*** Opening of Records provided ***
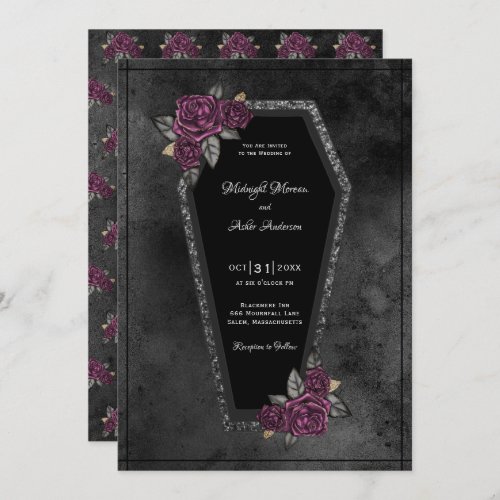 Coffin Black Grey Roses Sparkle Halloween Wedding  Invitation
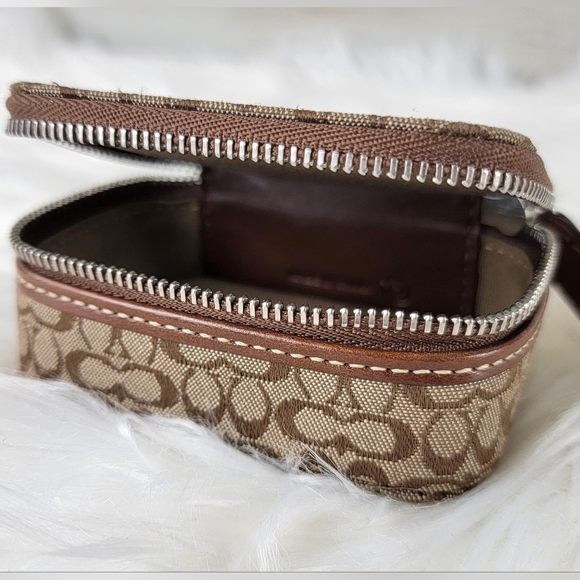 Coach Handbags - Coach Khaki/Mahogany Signature Canvas Leather Triple Pill Box Case F60157
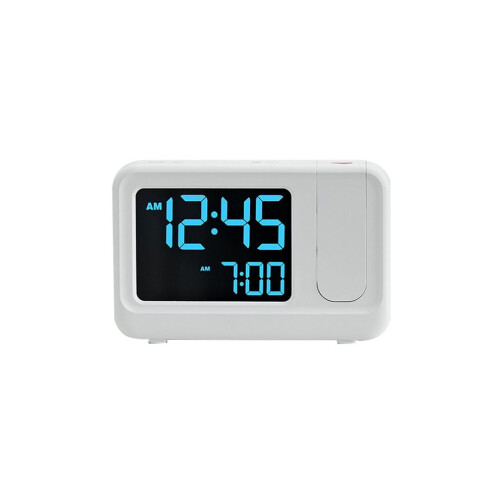 Digital multi-function projector alarm clock. Simple LCD alarm clock. Bedside alarm clock. Silent alarm clock. White
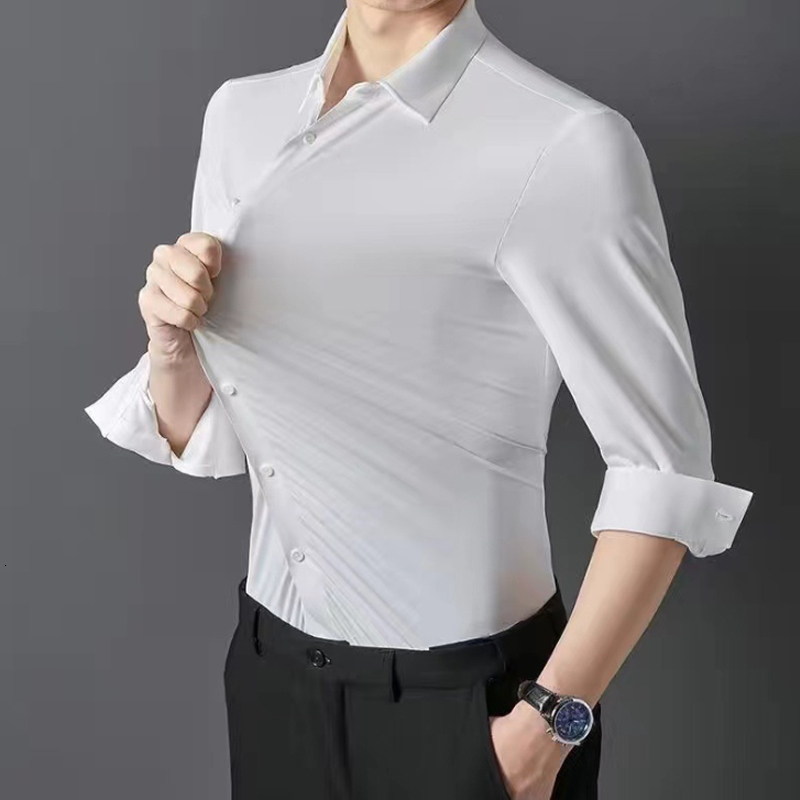 Men's Casual Shirts High elasticity trackless spring/summer cotton long sleeved shirt for men's ultra-thin spandex non ironing business and 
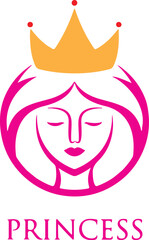 Princess Girl logo design icon eps file 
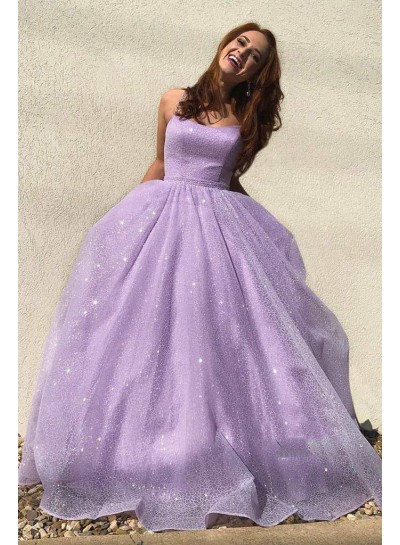 2023 Prom Dresses Lilac A Line Strapless Long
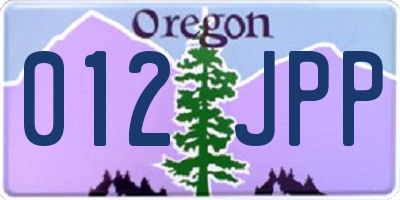 OR license plate 012JPP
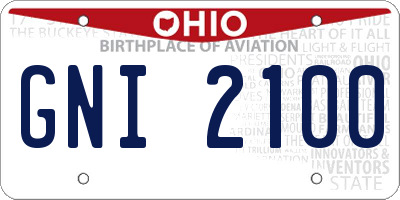 OH license plate GNI2100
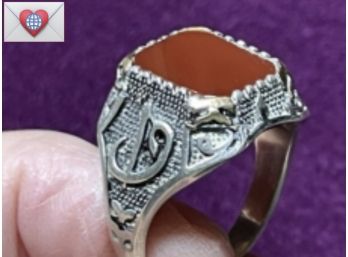 Superb Handmade Sterling And 18K Gold Mens Bezel-Set Rouge Agate Insignia Ring (Uncarved) Size 13.5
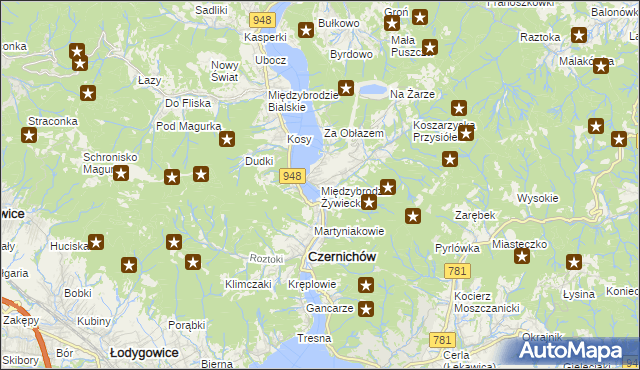 mapa Międzybrodzie Żywieckie, Międzybrodzie Żywieckie na mapie Targeo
*** Close of Records provided ***
Work order: Only the lines from the one containing "Superb Handmade Sterling" through the end of the records are wanted, set down exactly and without their pictures.

Task response:
 Superb Handmade Sterling And 18K Gold Mens Bezel-Set Rouge Agate Insignia Ring (Uncarved) Size 13.5
 mapa Międzybrodzie Żywieckie, Międzybrodzie Żywieckie na mapie Targeo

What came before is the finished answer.